Chief Deputy District Attorney John Giordani showed the court photos of the charred and smoke-covered bodies of people killed in the fire.

One victim, Tracy Ann Cihal, had addressed a letter to Orozco complaining about the motel’s conditions that was found in her belongings after the fire, he said.

Giordani also argued the bolted back door inhibited escape. And, he said, “The victims were not notified before it was too late because the fire alarm was deactivated and never reset.”

Defense attorneys said the alarm was disabled by Alpine employees after someone pulled the alarm weeks before the fire. The company that monitored the alarm system also failed “to adhere to nationally recognized standards of care,” they argued.

The monitoring company denied the alarms were inadequate or that the company caused them to be inadequate in filings in a civil suit. Civil litigation over the fire ended in a confidential settlement.

The tenant who lived in the unit where the fire started had left his stovetop on because Orozco did not provide heat, according to the prosecutor.

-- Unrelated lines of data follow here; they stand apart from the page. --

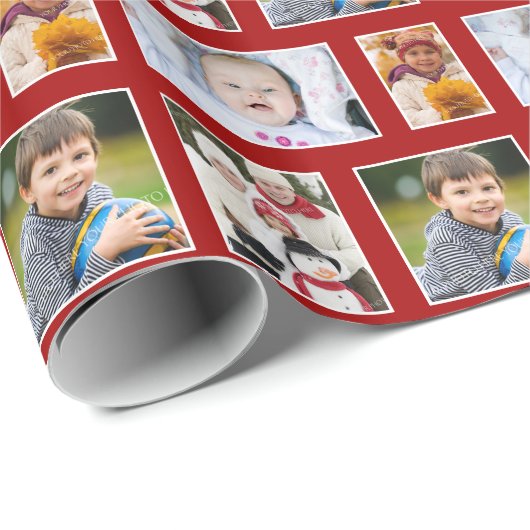 Foto Red Holiday Wrapping Paper Cadeaupapier (Rol Hoek)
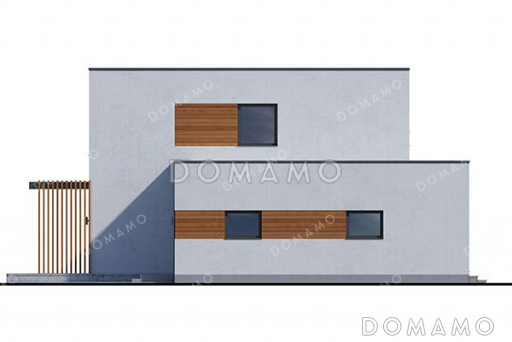 Проект двухэтажного дома с просторной террасой и плоской кровлей / Фасад 1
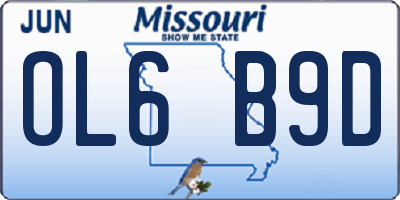MO license plate OL6B9D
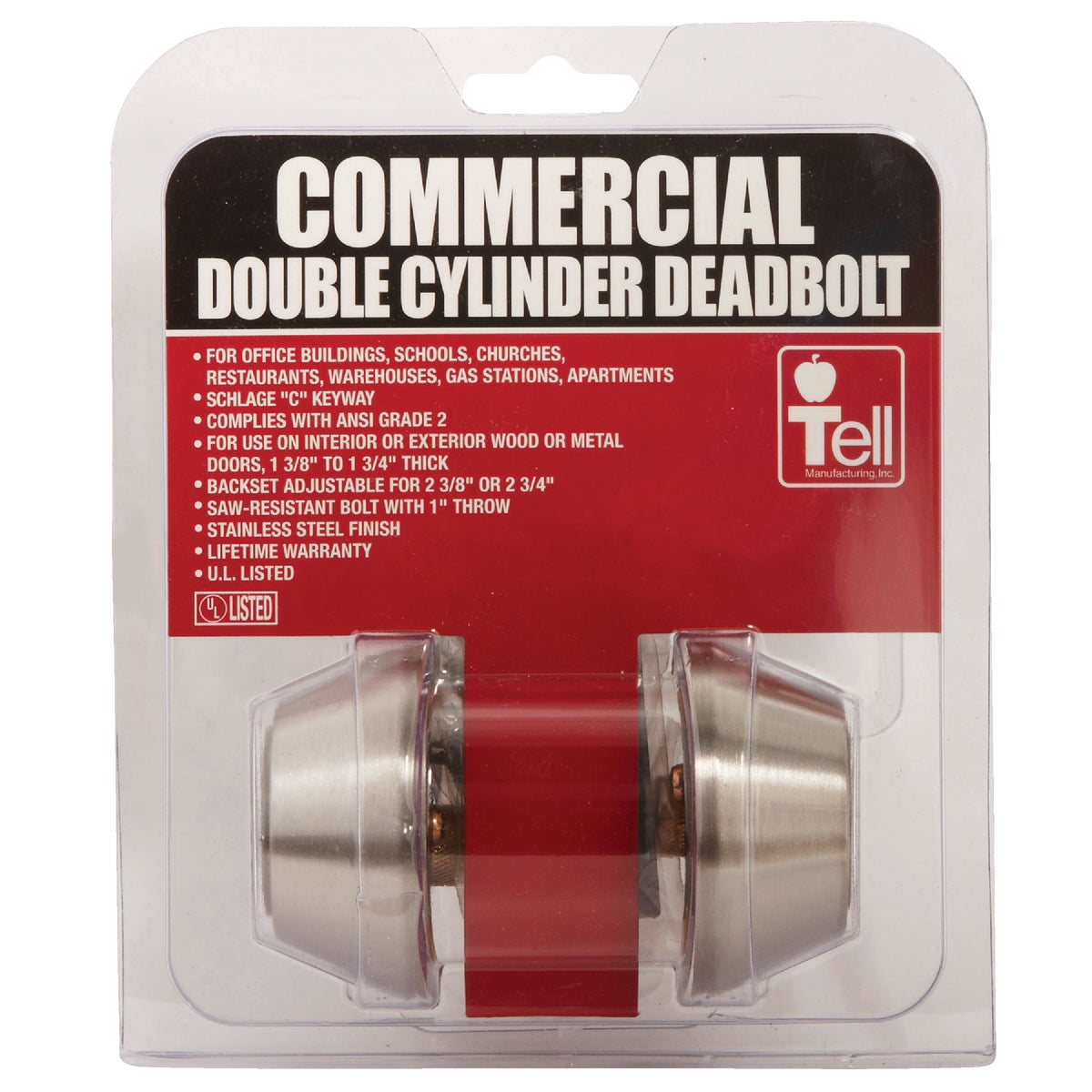 Tell Satin Stainless Steel Commercial Double Cylinder Deadbolt Image 2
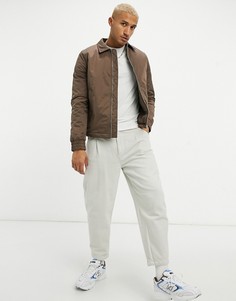 Коричневая дутая oversize-куртка Харрингтон ASOS DESIGN-Коричневый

He went to a convenience store and when he returned, he discovered the fire and ran.

When the resident fled, his door remained open because it had been improperly assembled or installed, Giordani said, allowing the fire to spread quickly.

Orozco did not want to make a statement in court, but answered questions from the judge.

When Bluth asked him: “Why was there no heat in December?” Orozco responded that he would buy heaters for his tenants and have management pass them out, but at the time of the fire, tenants hadn’t received them.

Gentile said the Alpine’s manager had told Orozco he would not distribute heaters until the weather became colder.

‘Weighed on me very heavily’

Bluth said deciding on Orozco’s sentence “weighed on me very heavily.” She said she had planned to give him a harsher sentence before she did more research and saw the defense’s presentation.

“Your sentence is a surprise to me,” Gentile told Bluth at the end of the hearing. “It really is.”

Gentile had asked that his client be put on probation.

District Attorney Steve Wolfson was pleased with the sentence. A landlord has a responsibility to care for properties and give tenants a safe environment, he said, but Orozco demonstrated “severe negligence” and a “lack of caring for his tenants.”

“Six people died,” the district attorney said. “And it was not a pleasant death.”

Review-Journal intern Finnegan Belleau contributed to this story.